DVD Review Of The Hitchhiker’s Guide To The Galaxy

Copyright © by Dan Schneider, 11/23/06


  The Hitchhiker’s Guide To The Galaxy is one of those films that seems a lot better if one has not read the source material it’s based upon- in this case the series of Hitchhiker books by Douglas Adams, the BBC radio shows, or the 1970s BBC television series of the same name. This was manifest immediately to me, as one who’d seen the repeats of the tv show on PBS, but never read the books. In just briefly skimming the online critical consensus this seems confirmed, for rarely does a film elicit such widely divergent reactions. Those critics who came to this film fresh invariably thought it was very good, while those with prior Hitchhiker bonafides thought this new version, by first time director Garth Jennings, who made his name in music videos, was horrible. Oddly, even though I fall into the latter camp, I thought it was a mildly amusing film, in the tradition of Mel Brooks’ Spaceballs, and it was scripted by Karey Kirkpatrick, who wrote the delightful claymation comedy Chicken Run, with help from Adams, before he died in 2000. This enjoyment I felt may have been due to the fact that although I enjoyed the old BBC series it’s been at least twenty years since I saw the show.

  The problem with the film is not really the film’s problem, but that the books have such a devoted cult following that even the slightest deviations from the canon seem to be taken personally by fans and critics alike, even though all basic tales must adapt to whatever medium they are in.

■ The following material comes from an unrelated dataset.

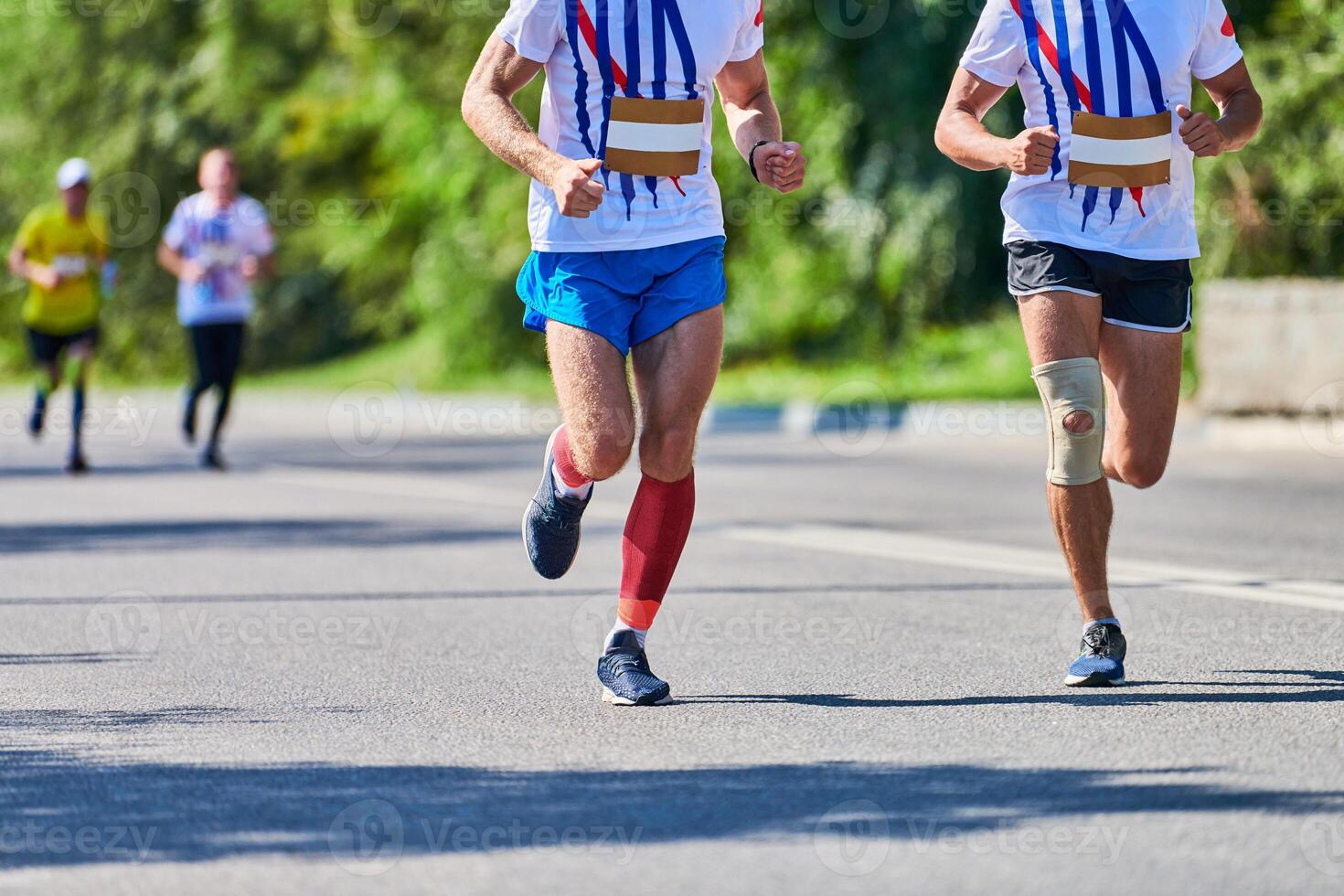 Marathon runners on city road. photo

As long as they capture the essence of the work, that’s all that is required. And the essence is a work of humor somewhere between Jonathan Swift and Kurt Vonnegut. The special effects are also first rate, although they retain some of the cheesiness that BBC productions as the original series and Doctor Who made (in)famous- such as Jim Henson muppet Vogons, and there is a necessary chronological ordering of events that in the tv series were spread out between episodes. As for the main characters? Martin Freeman is very good as Arthur Dent, the earthman whose home is at the epicenter of both earthly and cosmic demolition forces. Rapper Mos Def is solid as Ford Prefect, his alien buddy, and Sam Rockwell is appropriately goofy as galactic President Zaphod Beeblebrox. Arthur’s and Zaphod’s love interest is the quirky Zooey Deschanel as Patricia McMillan, or Trillian, and the manically pessimistic robot Marvin is voiced by Alan Rickman.

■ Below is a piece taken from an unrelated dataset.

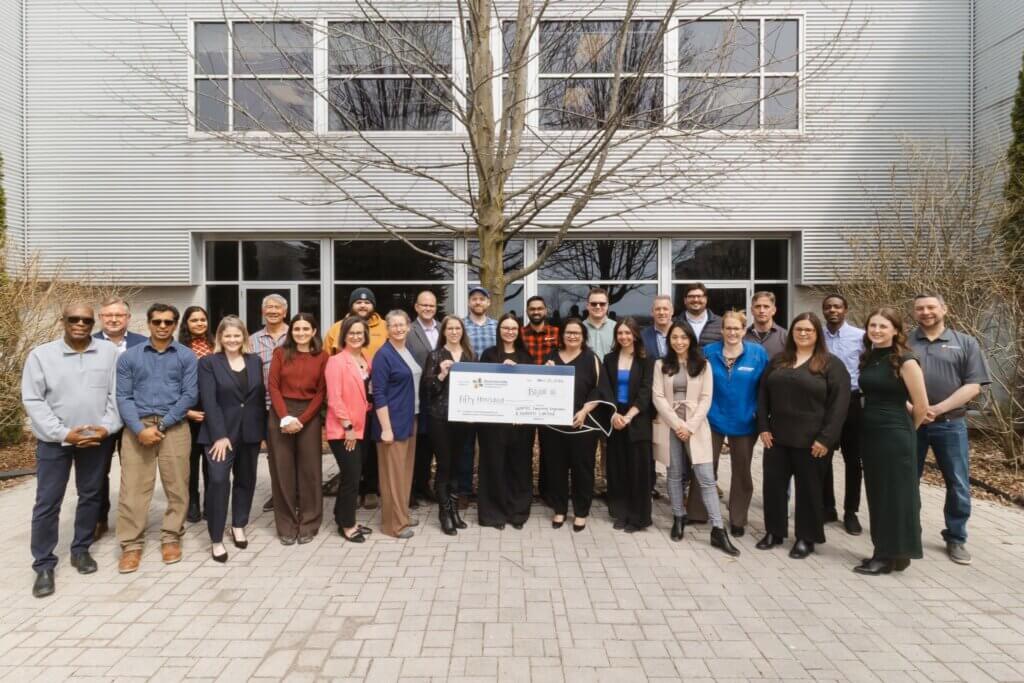 A large group of people gathered outside with an oversized cheque for $50,000 from GEMTEC to the Bowmanville Hospital Foundation.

  When the earth is demolished by the dour Vogons, after a dolphin musical number, So Long, And Thanks For All The Fish, Dent and Ford hitchhike on a Vogon ship, while Trillian has been picked up by Zaphod at a bar. After many twists and turns in search of the ultimate answer to the universe and everything in it, which turns out to be forty-two, the gang finds out that Zaphod accidentally signed the papers that condemned earth. Of course, another earth is under construction, commissioned by mice determined to have Arthur’s brain to answer the cosmic query that dogs them, and the project is headed by Slartibartfast (Bill Nighy), an award winning planet designer who is proud of his work on Norway’s fjords. The end is rather silly, but so is the whole essence of the Hitchhiker universe, right down the very guide within the guide, itself, voiced by Stephen Fry, and the device works fairly well to tie up loose ends that would otherwise go over the heads of newbies to Adams’ universe. There are many scenes that are funny, but my favorite was one, near the end, when the Vogons come to demolish Arthur’s second home. First, Ford attacks the Vogons with a towel, which terrifies them, and then he buys the others precious time by closing a small garden gate, to which the foiled Vogon horde replies, ‘Oh no! We’ll have to the other way go around!’

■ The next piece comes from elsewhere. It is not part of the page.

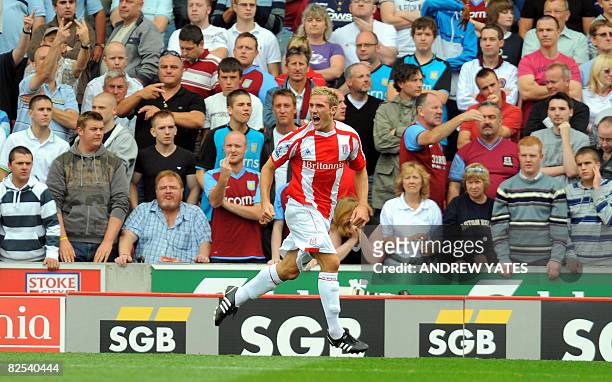 Stoke City's Liam Lawrence celebrates after scoring a penalty during the Premier league football match against Aston Villa at The Britannia Stadium...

  The DVD has many features, includeing real and fake deleted scenes, a dolphin singalong of So Long, And Thanks For All The Fish, and two commentaries- one with director and crew that is all Britishy humor and bad jokes, and the other with the film’s producer, which is quite a bit more informative on the making of the film and the mind of Douglas Adams. There are also some decent making of featurettes. Overall, even if one is not too thrilled with the film, the DVD extras make the effort a little more worthwhile. This zeitgeist may explain the many cameos in the film, by the likes of Jason Schwartzman and John Malkovich, although they are really given nothing to work with. Yet, Slartibartfast’s philosophy, ‘I’d rather be happy than right,’ is the sort that, if applied to the film’s many disappointed cultist detractors, is hard not to find some resonance with, even if, like him, real happiness has not been reached. Somehow, though, I think Douglas Adams would find their circumstance a hoot.